### Instructions to follow
Only the lines below from the one containing "Imilia - hibou, décoration" through the last line should be set down, exactly as written and with no pictures.

### Data shown

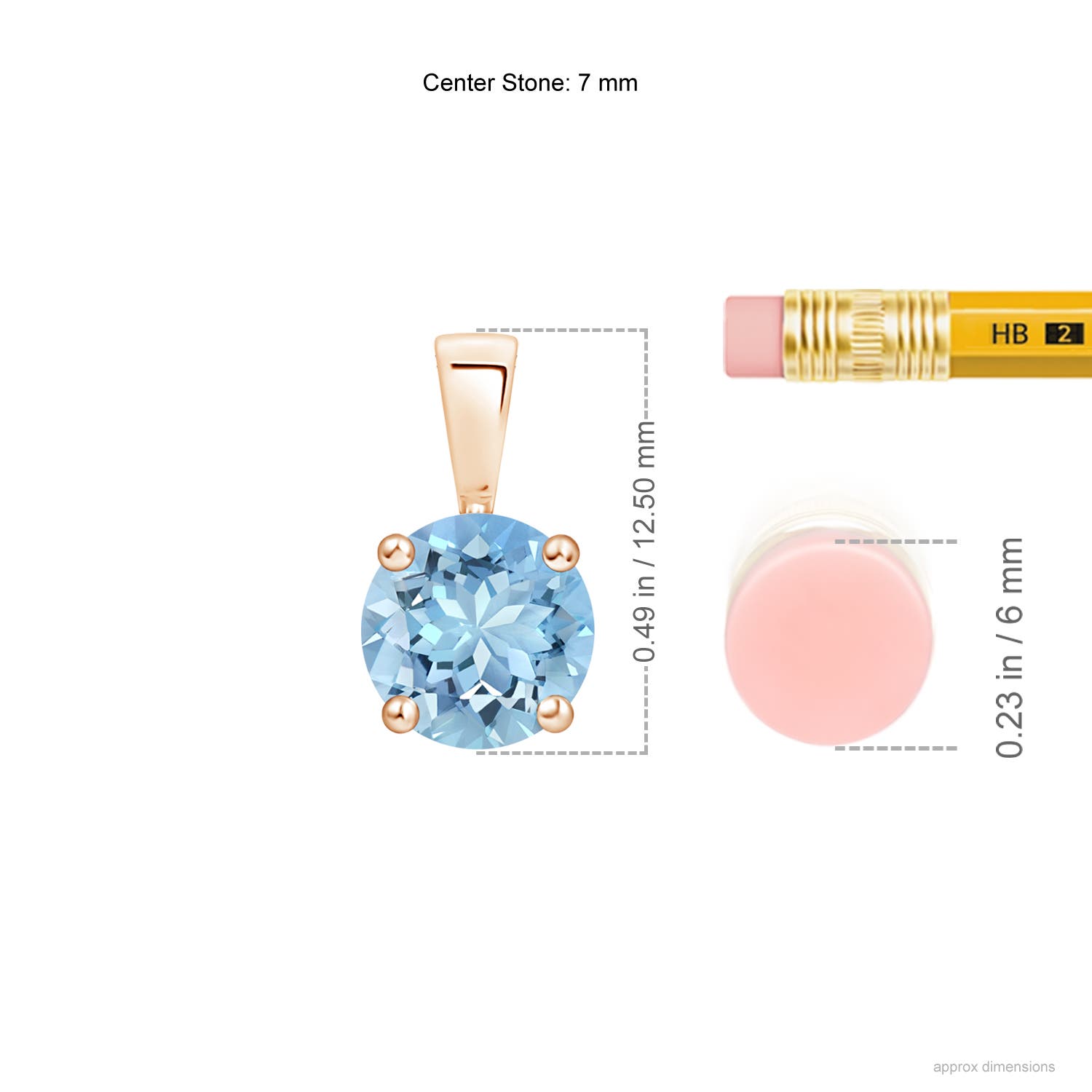 AAAA - Aquamarine / 1.12 CT / 14 KT Rose Gold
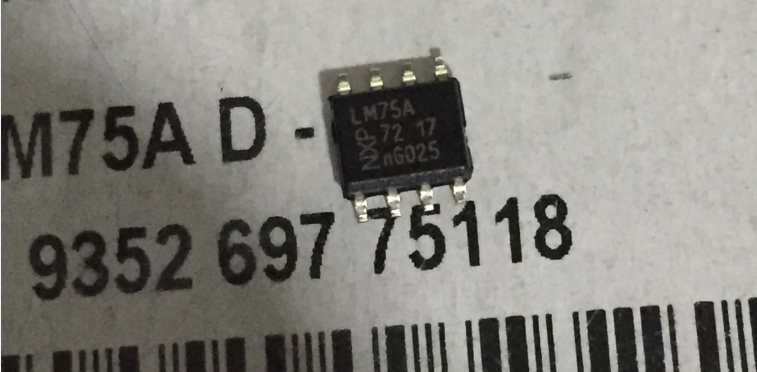 LM75AD LM75A  SOP8 5pcs/lot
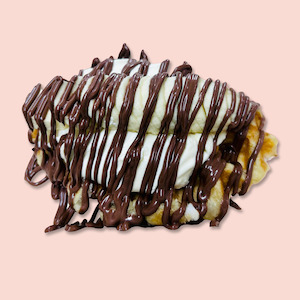 Banana Nutella Belgium Waffle
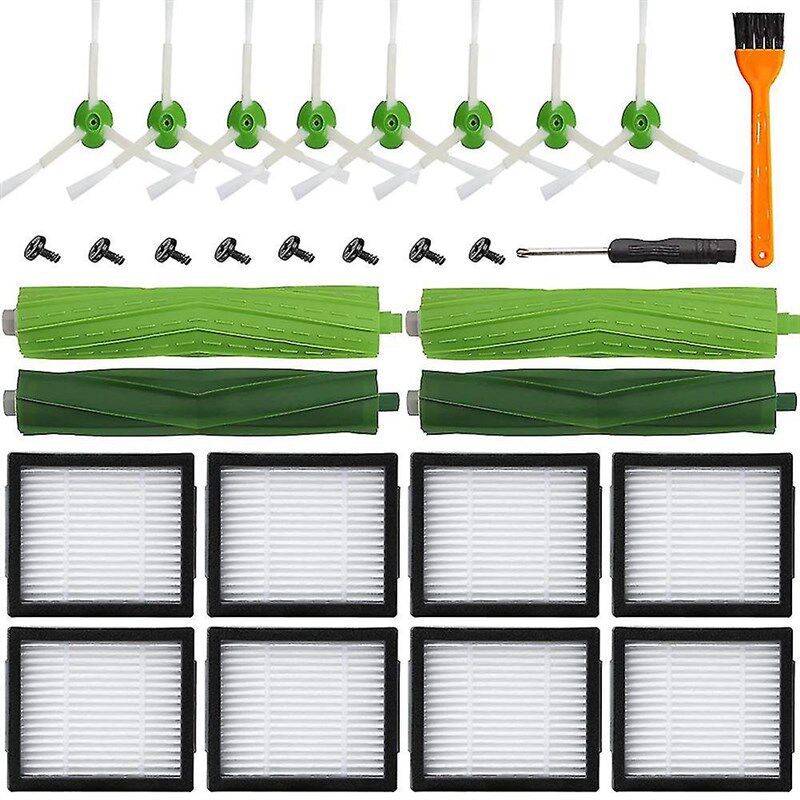 23件套 适配irobot i7 i7+ E5 E6系列扫地机配件主刷边刷滤网套装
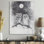 Imilia - hibou, décoration murale en métal, impression traditionnelle en métal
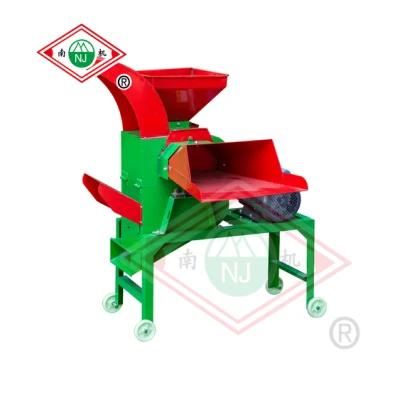 Factory Price Hay Silage Chaff Cutter Machine for Sale with Gasoline Engine Grass Cutting Feed Processing Machines for Cow Fodder Shredder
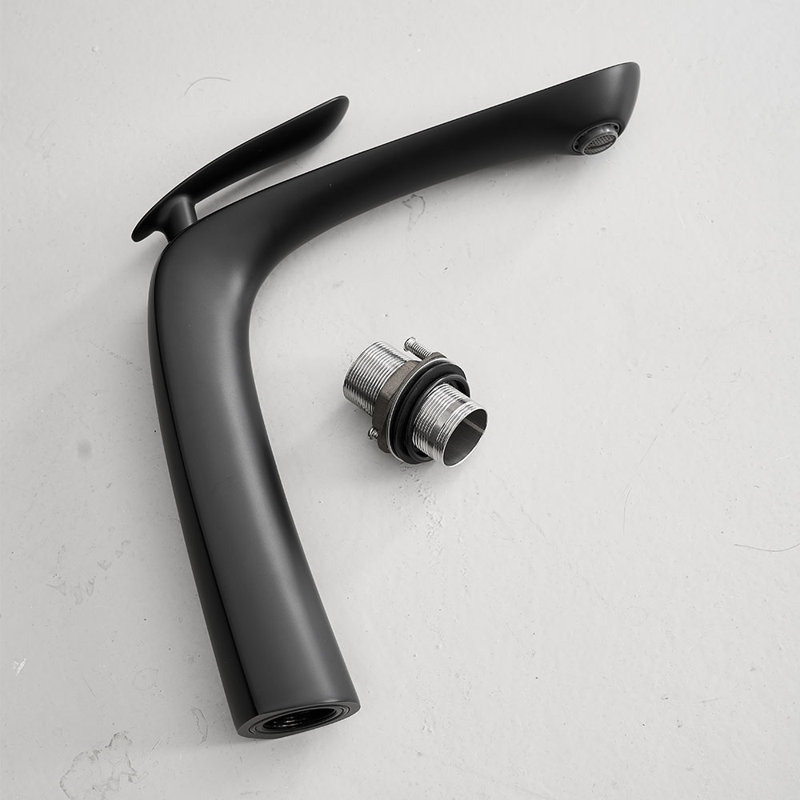 Metal Basin Mixer Tap, Black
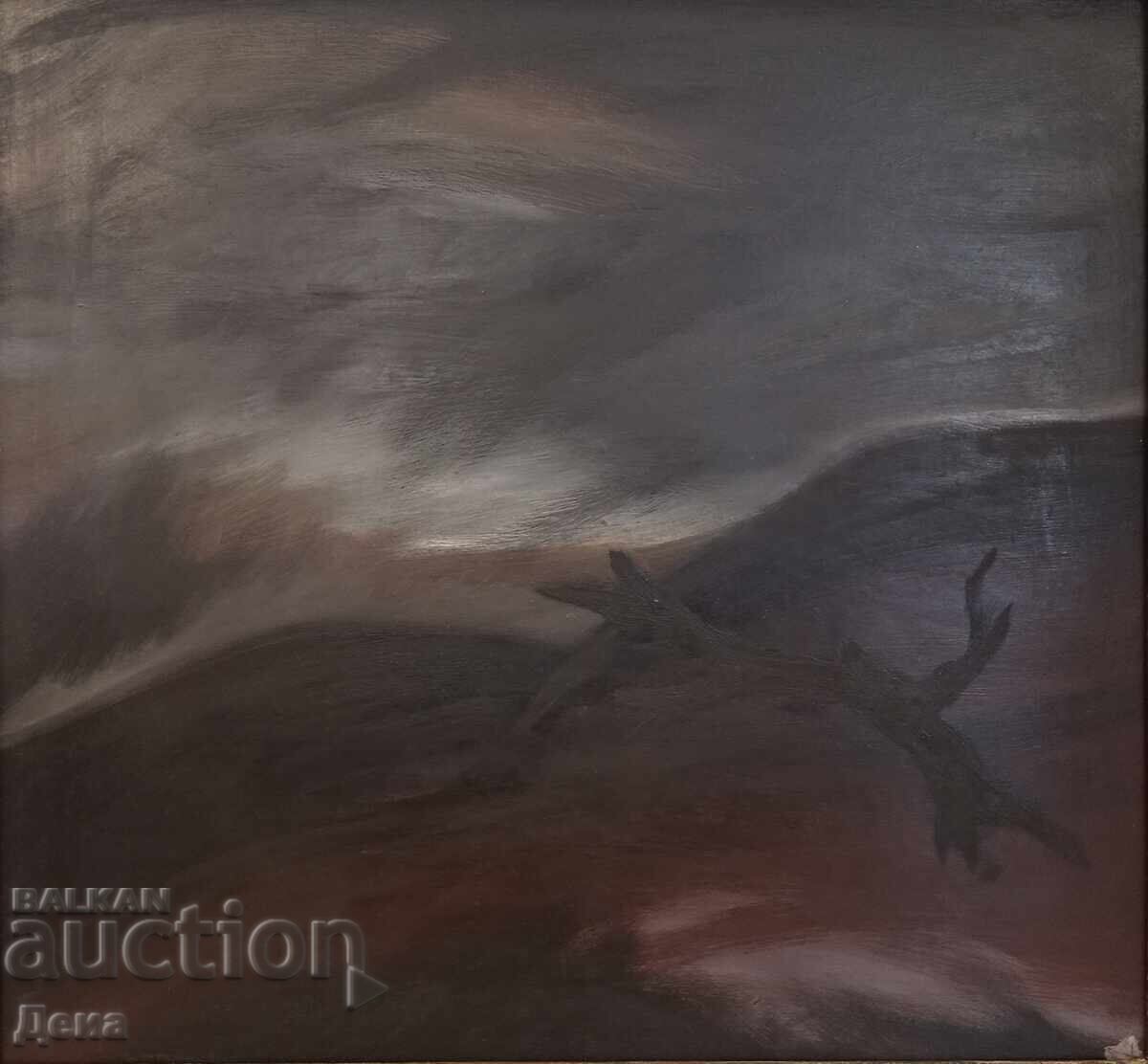 Alexander Velichkov painting 1985 with price 59.00 BGN | € 30.17 Alexander Velichkov painting 1985 with price 59.00 BGN | € 30.17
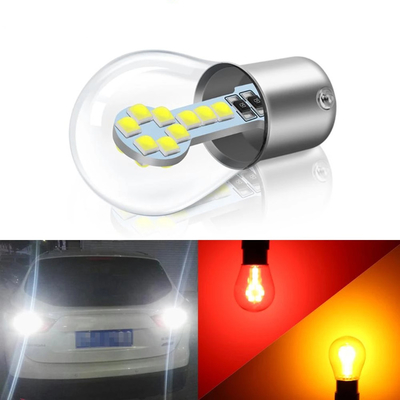 1156 BA15S LED 1157 BAY15D LED أضواء إشارة الانعطاف للفرامل أحادية / مزدوجة الاتصال حربة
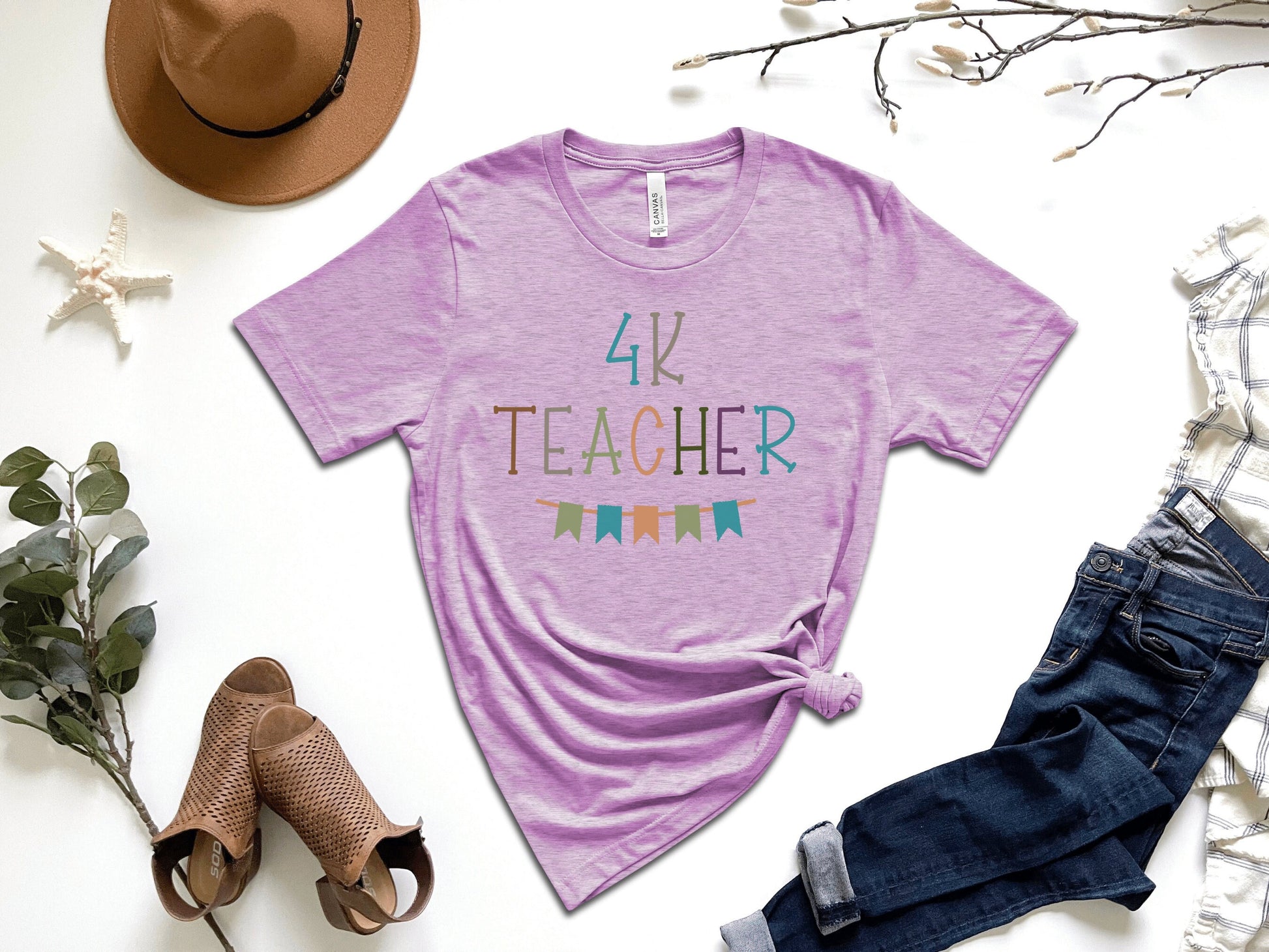 4K Teacher Shirt, 4K Lead Teacher, Four Year Old Kindergarten Teacher Shirt - Mardonyx T-Shirt Heather Prism Ice Bl / S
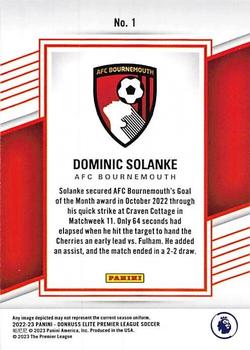 2022-23 Donruss Elite Premier League #1 Dominic Solanke Back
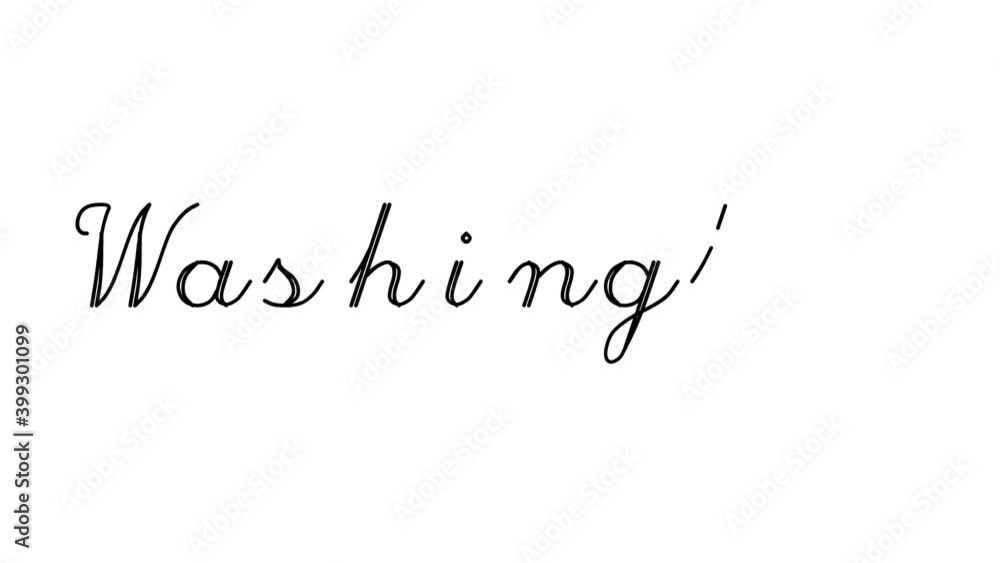 Washington Decorative Handwriting Animation in Six Cursive and Gothic Fonts Washington Decorative Handwriting Animation in Six Cursive and Gothic Fonts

### Task output
 Imilia - hibou, décoration murale en métal, impression traditionnelle en métal
 Factory Price Hay Silage Chaff Cutter Machine for Sale with Gasoline Engine Grass Cutting Feed Processing Machines for Cow Fodder Shredder
 Metal Basin Mixer Tap, Black
 Alexander Velichkov painting 1985 with price 59.00 BGN | € 30.17 Alexander Velichkov painting 1985 with price 59.00 BGN | € 30.17
 1156 BA15S LED 1157 BAY15D LED أضواء إشارة الانعطاف للفرامل أحادية / مزدوجة الاتصال حربة
 4K Teacher Shirt, 4K Lead Teacher, Four Year Old Kindergarten Teacher Shirt - Mardonyx T-Shirt Heather Prism Ice Bl / S
 2022-23 Donruss Elite Premier League #1 Dominic Solanke Back
 Washington Decorative Handwriting Animation in Six Cursive and Gothic Fonts Washington Decorative Handwriting Animation in Six Cursive and Gothic Fonts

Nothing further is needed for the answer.